Audience member Jie Su, who told the audience he was on the “same page as Elon Musk”, asked the panel their take on Musk’s determination to uphold the principle of no censorship on X, formerly Twitter.
Host Patricia Karvelas confirmed: “You don’t think there should be any censorship on Twitter?”
Mr Su responded: “Well, I’m on the same page with Elon Musk.”
The host said: “I have to ask Julie Inman Grant, you have had a very public barney with Elon Musk … how awkward.”
Ms Inman Grant recently made headlines after she discontinued her legal stoush against Elon Musk, the owner of X – formally Twitter.
She had initially taken Musk to court after X failed to remove a video depicting the alleged stabbing of Bishop Mar Mari Emmanuel in a Wakeley church on April 28, 2024.
It’s understood the Commissioner is calling for an independent review of the sharing of the video.
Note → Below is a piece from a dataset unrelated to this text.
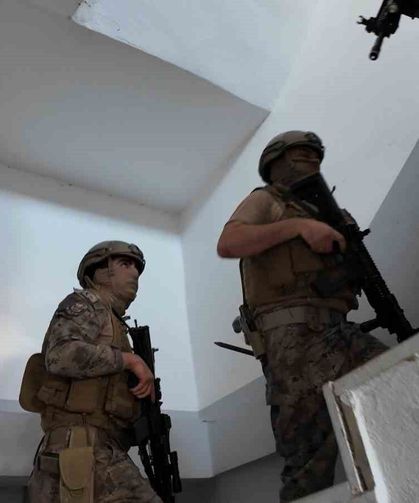 Adıyaman'da Sanal Devriye Operasyonu, 14 Gözaltı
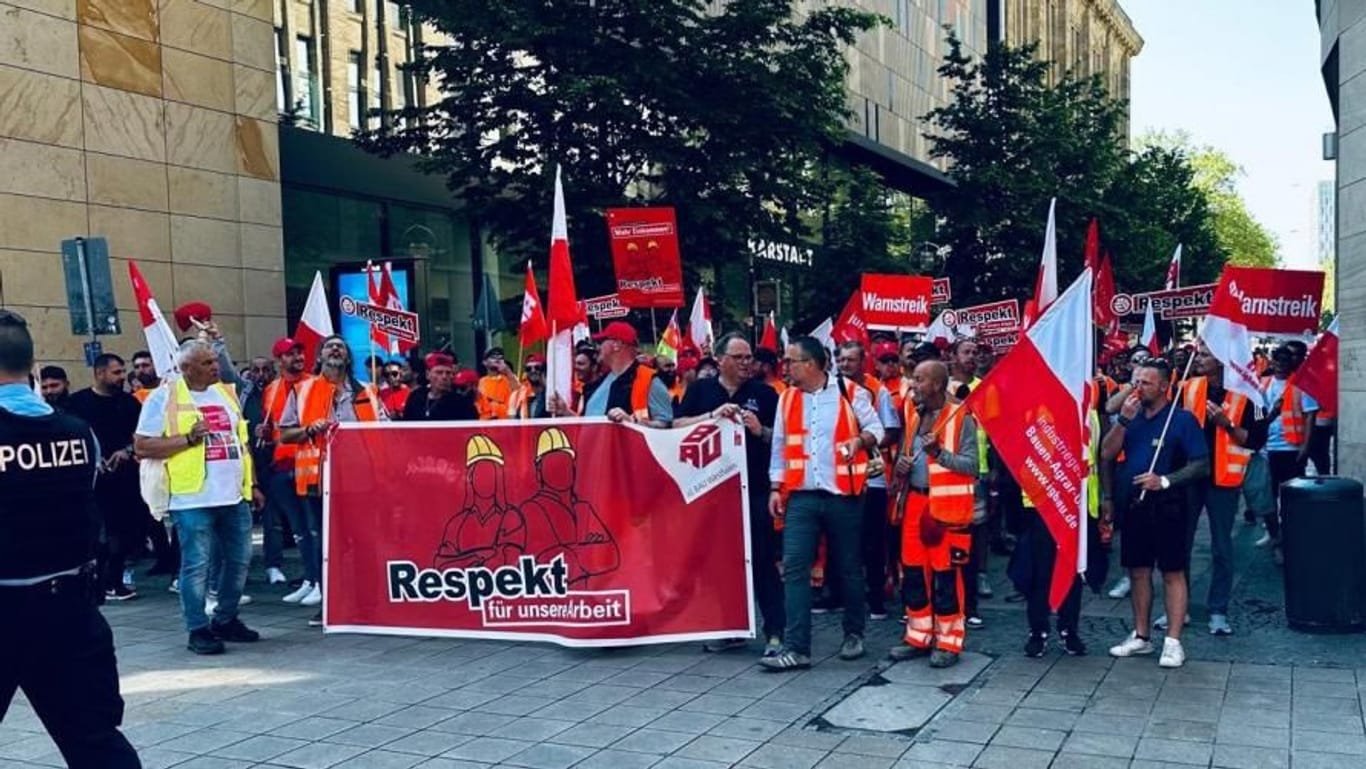 In Dortmund versammelten sich am Mittwoch hunderte Streikende, um das erste Mal nach rund zwei Jahrzehnten wieder in den Warnstreik zu treten.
Ms Inman Grant told the audience while freedom of expression is embraced, when it veers into online harm, silencing and suppressing voices, a line needs to be drawn.
She said the quicker harmful imagery is taken down, the more mental distress it relieves.
Ms Inman Grant said following the UK riots, Elon Musk was insulting inciting online hate by writing “civil war is inevitable”.
“(Elon Musk was) fermenting online hate and disinformation that was already violent, they had no recourse, because they don’t have similar tools,” she said.
“They had to send an open letter rather than send a formal removal notice.”
Mr Szeps then interrupted his panelmate to argue Musk’s comments were not incitement.
“There are a lot of people on the left, in particular, who seem to believe that they’ve got a monopoly on the truth,” he said.
“They feel quite unruffled about insisting that ideas that they disagree with, are beyond the pale. I would simply remind us all, that at every point in time in every place, the majority and the elite always think they are right by definition.
“They always think that ideas that they disagree with are hateful, objectionable, contrary to the common good.”
Online users were quick to slam the journalist for his behaviour on the show, claiming he had been interrupting and talking over other panel members early on in the show.
One user wrote to X: “Josh Szeps is hijacking the show. ‘Don’t speak while I’m interrupting’. He could bore for Australia.”
Another wrote that it was “the Josh show”.
“Can we hear from someone other than Josh?” another X user wrote.